This permit to control the hazelcast map where will be stored the key/value.

Data part

The data part is a bytes stream which the length is specified in the command part.

For example the second argument of the SET command set the length of the data to send :

SET key 0 4\r\n
1234

This command set the key "key" at the value "1234"

Response

The response protocol is fairly simple. When the command is executed the response have the following format :

\r\nRESPONSE response_arg\r\n

The following terms are used in the response :

DONE

The command is successfully executed. There is no argument.

ERROR

There is an error in the command. the argument is the error message.

Error Messages

malformed_request

The command request is malformed. There is an error in the request.

not_found

The key involved in the command is not found.

Commands

GET <key>

with data: no

Get the value of the key in the storage. This operation is atomic.

GET key\r\n

SET <key> <expiration> <length>

with data: yes

Set a value of length <length> for the key <key> in the storage with the expiration time in second <expiration>. This operation is atomic.

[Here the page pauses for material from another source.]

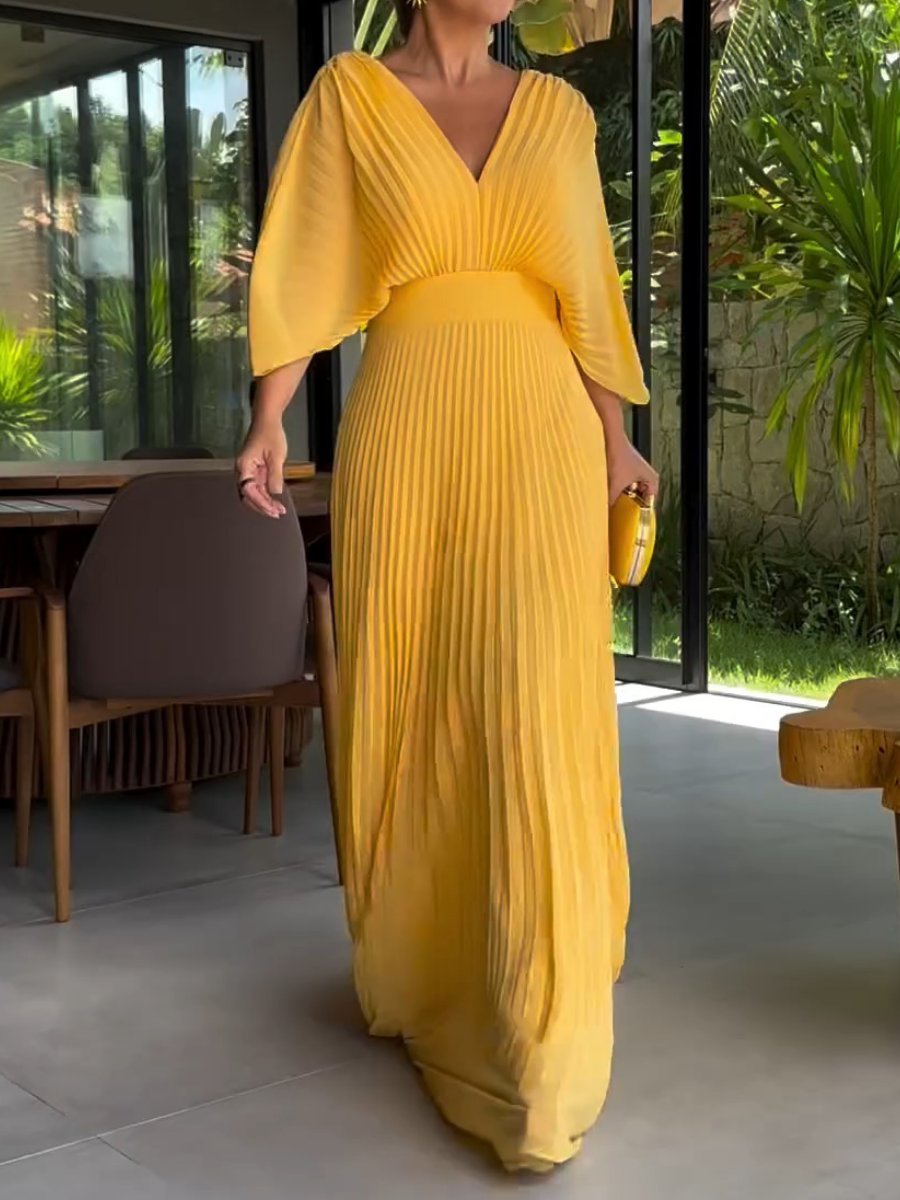 Last Day Promotion🔥Floating V-Neck Rib Dress(BUY 2 FREE SHIPPING)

When <expiration> is 0, the key don't expire.

SET key 10 4\r\n
1234

TOUCH <key> <expiration>

with data: no

Set the expiration time in second <expiration> for the key <key>. This operation is atomic.

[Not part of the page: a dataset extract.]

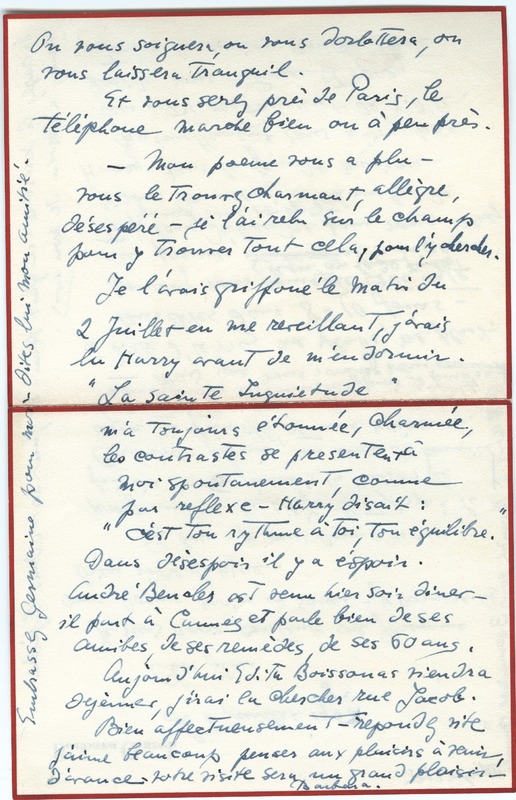 Lettre de Barbara Church à Jean Paulhan (8 juillet 1958)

When <expiration> is 0, the key don't expire. When the key does not exist the command does nothing.

TOUCH key 10\r\n

DELETE <key>

with data: no

Delete the key <key> from the storage. This operation is atomic. When the key does not exist the command does nothing.

DELETE key\r\n

INCR <key> <value> <init> <initial_expiration>

with data: no

Increment the value of the key <key> with <value> if the key exists and represent an integer.

If the value is not an integer, this operation has no effect.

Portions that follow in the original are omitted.